Restate all data exactly. No images.

DATA RECORDS Block Start

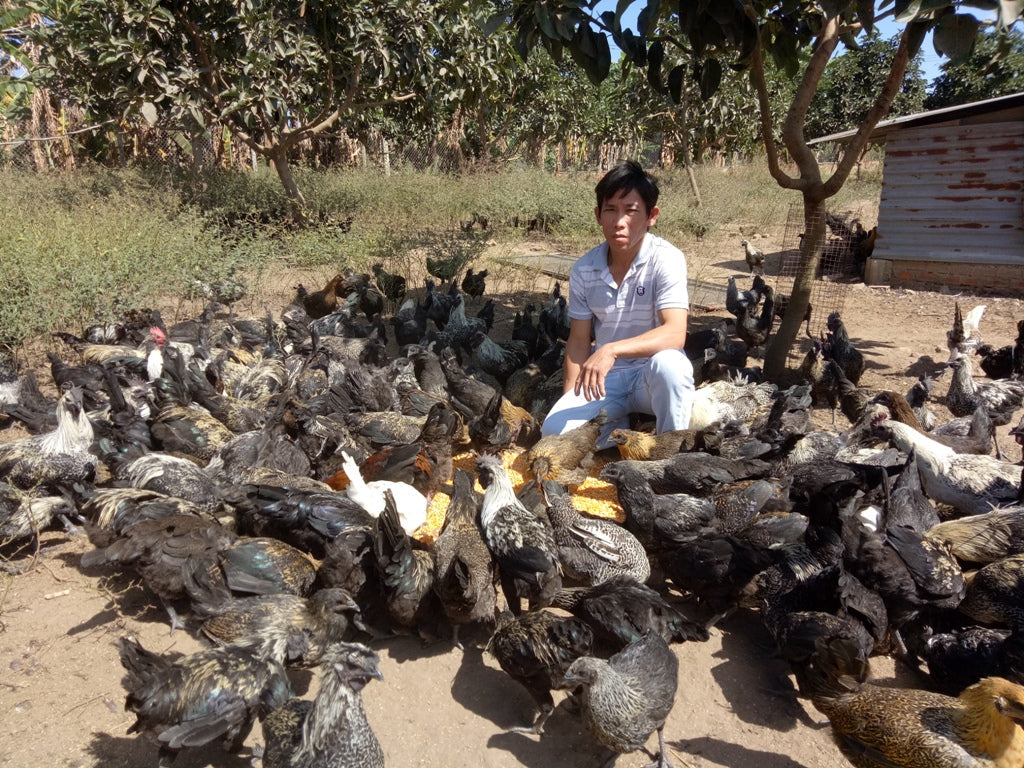 Xã Ea M’Droh Đắk Lắk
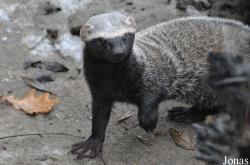 Uilen- en Dierenpark De Paay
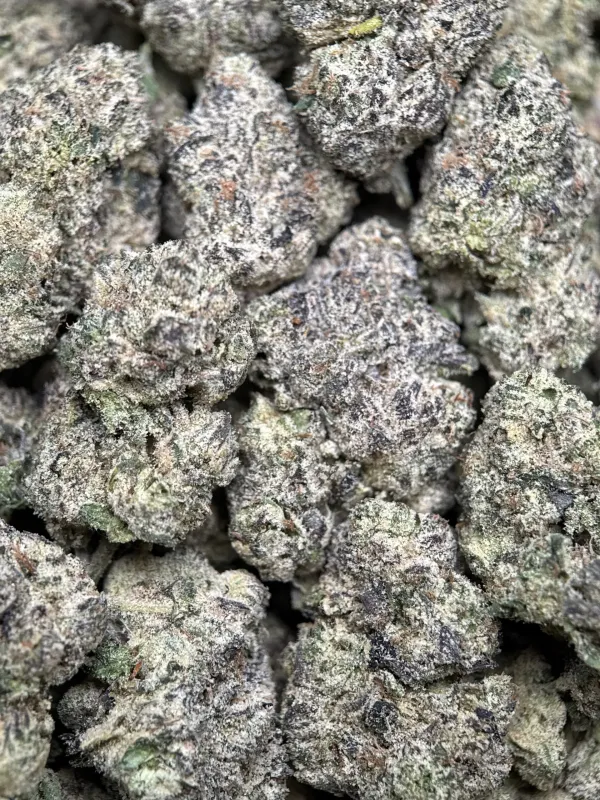 Deep-purple Purple Gas buds with orange pistils and frost 7
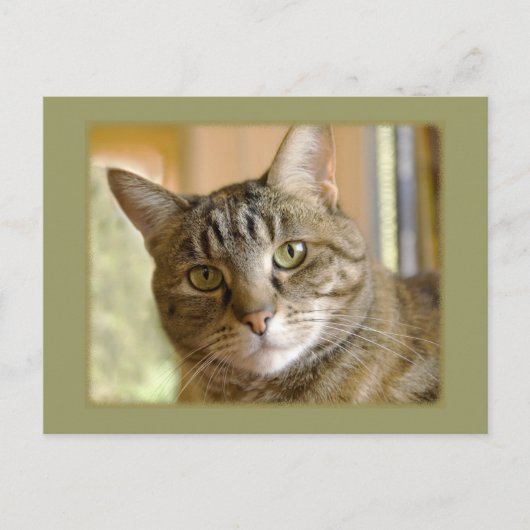 あなたのカスタム写真 想いやりテンプレートを追加 ポストカード (正面)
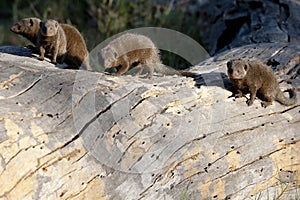 Mongoose - Herpestidae photo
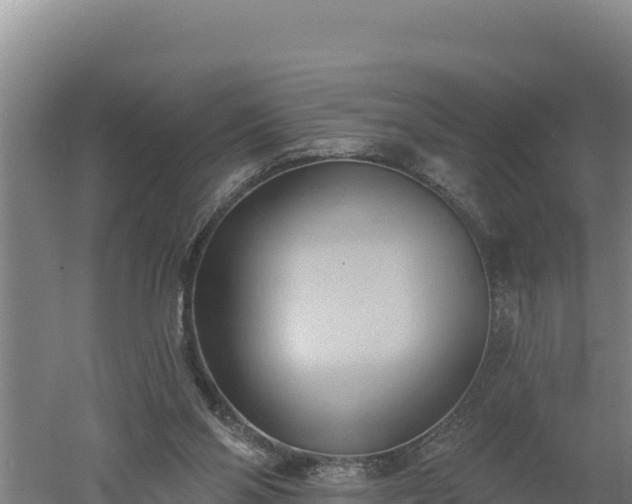 X0000060560110200511101614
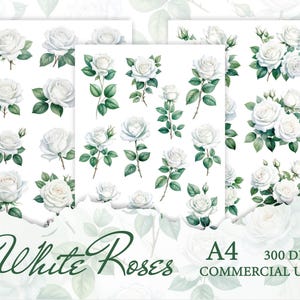 Découpes de roses blanches imprimables, feuilles de collage, images imprimables et de scrapbooking, téléchargement numérique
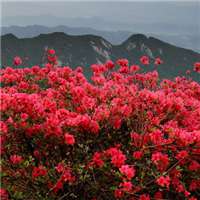 高清唯美杜鹃花头像图片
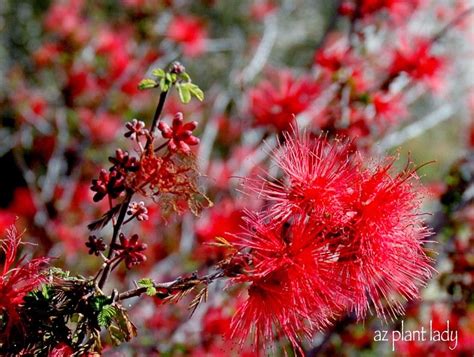 Great Southwestern Plant: Baja Fairy Duster - Ramblings from a Desert Garden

DATA RECORDS Block End

ANSWER SPACE:
 Xã Ea M’Droh Đắk Lắk
 Uilen- en Dierenpark De Paay
 Deep-purple Purple Gas buds with orange pistils and frost 7
 あなたのカスタム写真 想いやりテンプレートを追加 ポストカード (正面)
 Mongoose - Herpestidae photo
 X0000060560110200511101614
 Découpes de roses blanches imprimables, feuilles de collage, images imprimables et de scrapbooking, téléchargement numérique
 高清唯美杜鹃花头像图片
 Great Southwestern Plant: Baja Fairy Duster - Ramblings from a Desert Garden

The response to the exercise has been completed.